|| Dhauli hills ( ଧଉଳିଗିରି) are located on the banks of the river Daya, 8 km south of Bhubaneswar in Odisha . It is a hill with vast open space adjoining it, and has major Edicts of Ashoka engraved on a mass of rock, by the side of the road leading to the summit of the hill. Dhauli has major edicts of Ashoka engraved on a mass of rock. It is presumed to be the area of the bloody battle of Kalinga, won by the Mauryan emperor Ashoka in 265 BC. Although he conquered, but the horrors of having killed over thousands of people and the misery it inflicted on the people filled Ashoka with regret and brought about a sudden change of heart. He gave up his ambition of dig-vijaya (military conquest) in favour of dharma-vijay (spiritual conquest).

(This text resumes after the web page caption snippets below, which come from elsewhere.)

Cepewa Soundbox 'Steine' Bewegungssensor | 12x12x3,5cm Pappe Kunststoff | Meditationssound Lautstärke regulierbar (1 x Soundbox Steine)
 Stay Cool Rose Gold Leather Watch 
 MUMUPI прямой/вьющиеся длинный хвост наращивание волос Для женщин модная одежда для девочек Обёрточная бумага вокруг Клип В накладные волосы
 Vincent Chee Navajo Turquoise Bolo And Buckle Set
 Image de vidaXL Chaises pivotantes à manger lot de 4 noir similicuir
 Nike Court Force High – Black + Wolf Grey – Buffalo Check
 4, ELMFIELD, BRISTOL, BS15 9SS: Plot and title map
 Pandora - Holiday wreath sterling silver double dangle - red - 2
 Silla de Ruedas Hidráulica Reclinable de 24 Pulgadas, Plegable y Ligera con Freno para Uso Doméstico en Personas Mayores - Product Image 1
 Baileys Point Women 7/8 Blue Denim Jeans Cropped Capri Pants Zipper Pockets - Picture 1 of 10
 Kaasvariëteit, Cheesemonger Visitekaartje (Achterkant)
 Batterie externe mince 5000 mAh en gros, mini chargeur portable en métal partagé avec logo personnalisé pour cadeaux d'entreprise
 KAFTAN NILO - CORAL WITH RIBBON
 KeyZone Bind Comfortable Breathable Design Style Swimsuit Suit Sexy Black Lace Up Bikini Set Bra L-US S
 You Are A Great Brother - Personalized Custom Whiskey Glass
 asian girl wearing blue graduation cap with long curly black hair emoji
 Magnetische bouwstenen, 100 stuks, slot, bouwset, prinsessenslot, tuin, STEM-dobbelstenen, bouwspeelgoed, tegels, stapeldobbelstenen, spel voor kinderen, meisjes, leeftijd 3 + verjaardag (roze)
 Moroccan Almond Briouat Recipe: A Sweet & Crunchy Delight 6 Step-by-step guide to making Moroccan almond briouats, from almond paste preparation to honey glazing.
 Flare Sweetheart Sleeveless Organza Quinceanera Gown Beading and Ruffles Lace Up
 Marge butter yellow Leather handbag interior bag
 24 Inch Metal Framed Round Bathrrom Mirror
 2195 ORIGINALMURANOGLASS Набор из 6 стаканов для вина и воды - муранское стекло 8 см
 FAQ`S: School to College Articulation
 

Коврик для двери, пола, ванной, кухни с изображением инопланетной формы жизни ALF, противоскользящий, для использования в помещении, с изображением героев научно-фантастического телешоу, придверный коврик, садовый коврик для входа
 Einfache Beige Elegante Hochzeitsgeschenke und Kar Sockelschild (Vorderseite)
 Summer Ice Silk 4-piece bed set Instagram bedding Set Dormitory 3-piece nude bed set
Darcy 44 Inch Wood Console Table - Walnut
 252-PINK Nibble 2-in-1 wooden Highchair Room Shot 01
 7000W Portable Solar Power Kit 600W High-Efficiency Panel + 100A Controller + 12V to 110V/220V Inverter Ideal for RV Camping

The great Mauryan king renounced the path of violence to embrace Buddhism and publicized his new maxims in rock edicts, installed in different parts around the empire. One of these is here at the base of Dhauli hills, in which he proclaims, 'All men are my children', and expresses his concern to ensure impartially, non-violence, justice and compassion, an inscription in ancient brahmi script. The elephant which emerges from the rock above the inscription was probably meant to draw attention to the edict, and to serve as a symbol. Elephants are frequently associated with the Buddha, either as the form in which he is believed to have entered his mother's womb, as the form the Buddha assumed in a previous incarnation, or as the sacred symbol of Buddhism itself.
He saw to it that Dhauli became an important centre of Buddhist activities. He built several chaityas, stupas and pillars. On the top of the hill, a dazzling white peace pagoda has been built by the Japan Buddha Sangha and the Kalinga Nippon Buddha Sangha in the 1970s. The Dhauligiri hills also has an ancient Shiva temple which is the place for mass gathering during Shiva Ratri Celebrations.